### [YOUR OBJECTIVE]
Without any of the pictures, print every record below exactly.

Excerpts from a dataset:
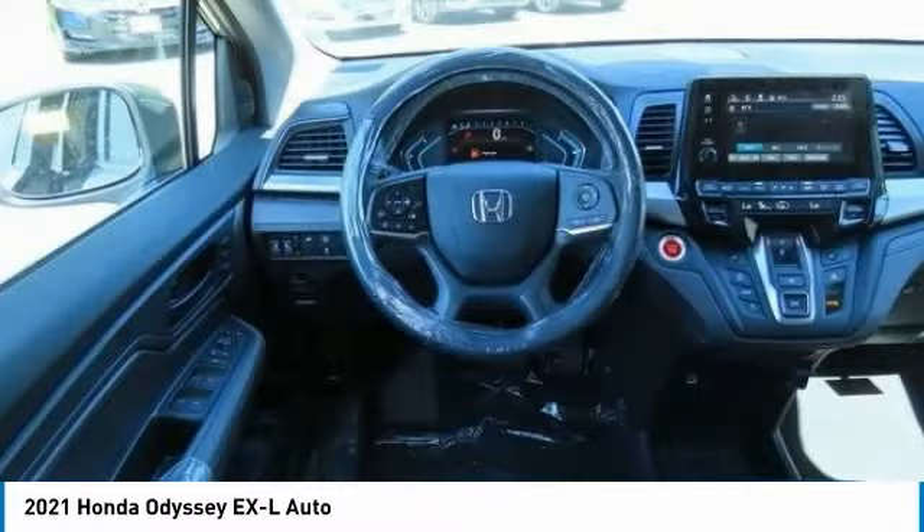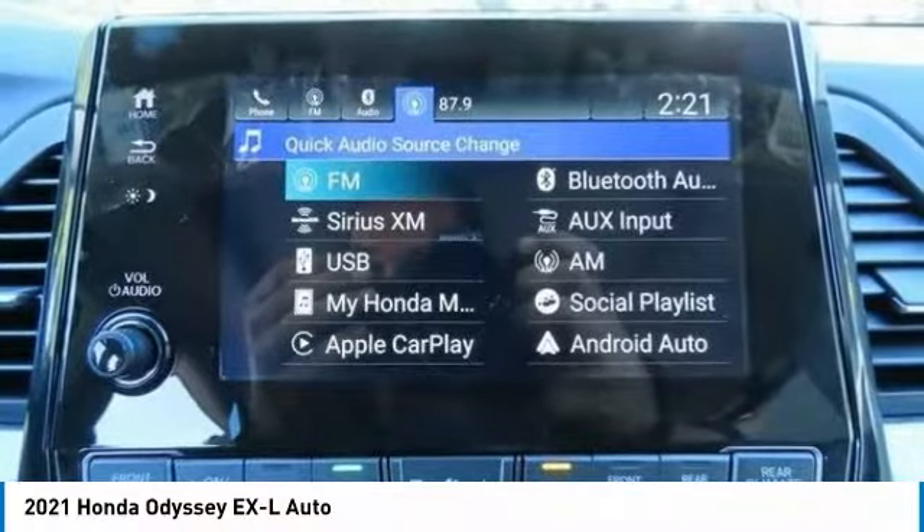Searching for a dependable vehicle that looks great too? You've found it, so stop in today.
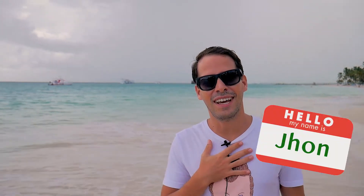Hi guys, welcome to Nitty Gritty Travelers. My name is John and today we are in Punta Cana. We are about to find out how much seaweed is on the beaches in Punta Cana. So let's see!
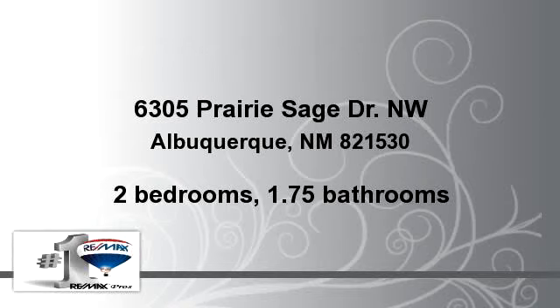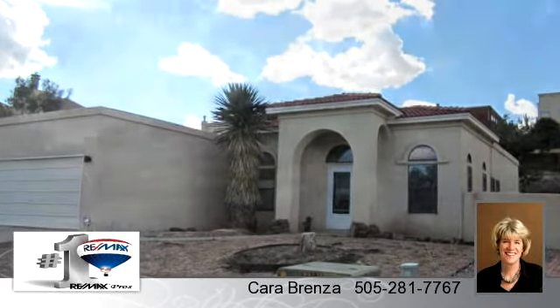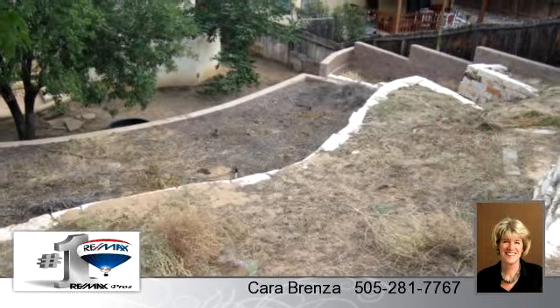You've found what you've been looking for in this lovely listing. There are two bedrooms and one bathroom in this spacious 1,490 square foot listing. To arrange a time to stop by and view this listing, or if you would like more information, please contact 505-281-7767.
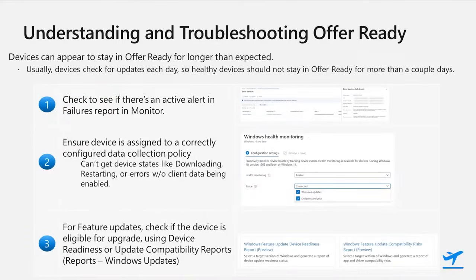Devices can appear to be stuck in the 'offer ready' state, and there are a few very common reasons for this that you can look into and often fix. Since devices usually scan Windows Update daily, at least when they're turned on, you shouldn't expect devices to stay in that state for much more than a couple of days. This applies to all update types: feature updates, expedited updates, and the drivers we're working on now. If you do see some sticking around longer, here are the top three things you can check. The first is pretty simple — just see if there's an alert for that device that identifies why it isn't updating. You can start in the summary report to see if there's an alert, but to get more details, use the failures report.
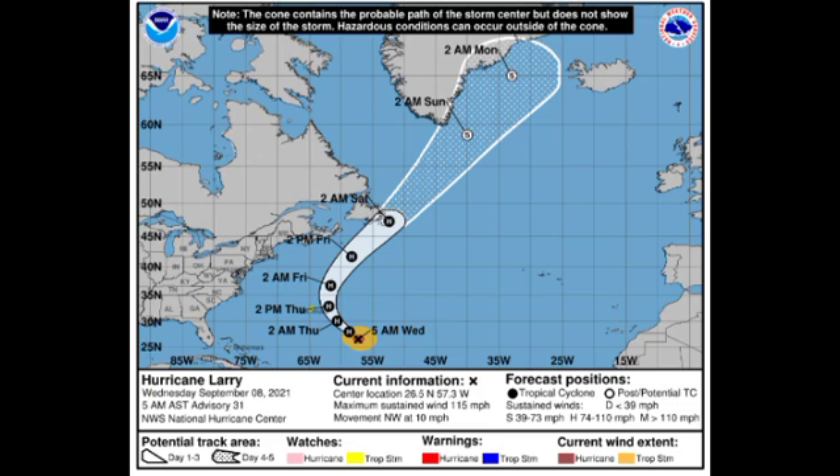Those swells can result in some life-threatening rip currents, so you want to avoid going to the beach, especially if you're along the east coast of the US. Larry is expected to remain a hurricane through the rest of this week, and by early next week it is expected to become post-tropical as it makes its way close to the southern tip of Greenland.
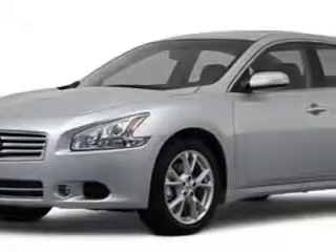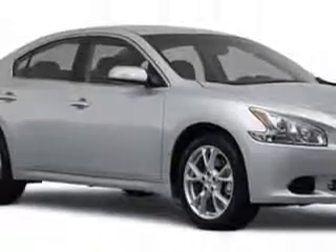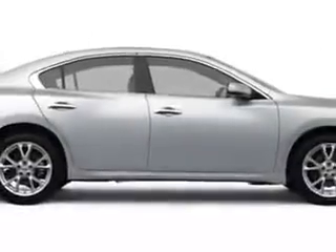Want a new car you'll love? Then check out this ocean gray metallic 2012 Nissan Maxima. It's a six-cylinder engine with a continuously variable transmission and 26 miles to the gallon.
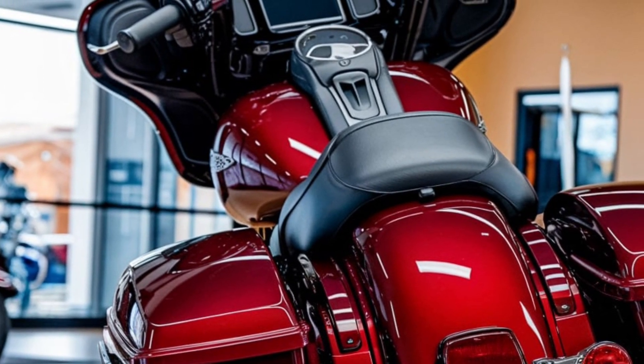Tech lovers will appreciate Harley's latest Boom Box GTS infotainment system. The 2025 Street Glide comes with a large, glove-friendly touchscreen that integrates GPS, Bluetooth, and smartphone connectivity, so you can control your music, navigation, and calls without taking your hands off the bars.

### [RESPONSE BELOW]
Searching for a dependable vehicle that looks great too? You've found it, so stop in today.
Hi guys, welcome to Nitty Gritty Travelers. My name is John and today we are in Punta Cana. We are about to find out how much seaweed is on the beaches in Punta Cana. So let's see!
You've found what you've been looking for in this lovely listing. There are two bedrooms and one bathroom in this spacious 1,490 square foot listing. To arrange a time to stop by and view this listing, or if you would like more information, please contact 505-281-7767.
Devices can appear to be stuck in the 'offer ready' state, and there are a few very common reasons for this that you can look into and often fix. Since devices usually scan Windows Update daily, at least when they're turned on, you shouldn't expect devices to stay in that state for much more than a couple of days. This applies to all update types: feature updates, expedited updates, and the drivers we're working on now. If you do see some sticking around longer, here are the top three things you can check. The first is pretty simple — just see if there's an alert for that device that identifies why it isn't updating. You can start in the summary report to see if there's an alert, but to get more details, use the failures report.
Those swells can result in some life-threatening rip currents, so you want to avoid going to the beach, especially if you're along the east coast of the US. Larry is expected to remain a hurricane through the rest of this week, and by early next week it is expected to become post-tropical as it makes its way close to the southern tip of Greenland.
Want a new car you'll love? Then check out this ocean gray metallic 2012 Nissan Maxima. It's a six-cylinder engine with a continuously variable transmission and 26 miles to the gallon.
Tech lovers will appreciate Harley's latest Boom Box GTS infotainment system. The 2025 Street Glide comes with a large, glove-friendly touchscreen that integrates GPS, Bluetooth, and smartphone connectivity, so you can control your music, navigation, and calls without taking your hands off the bars.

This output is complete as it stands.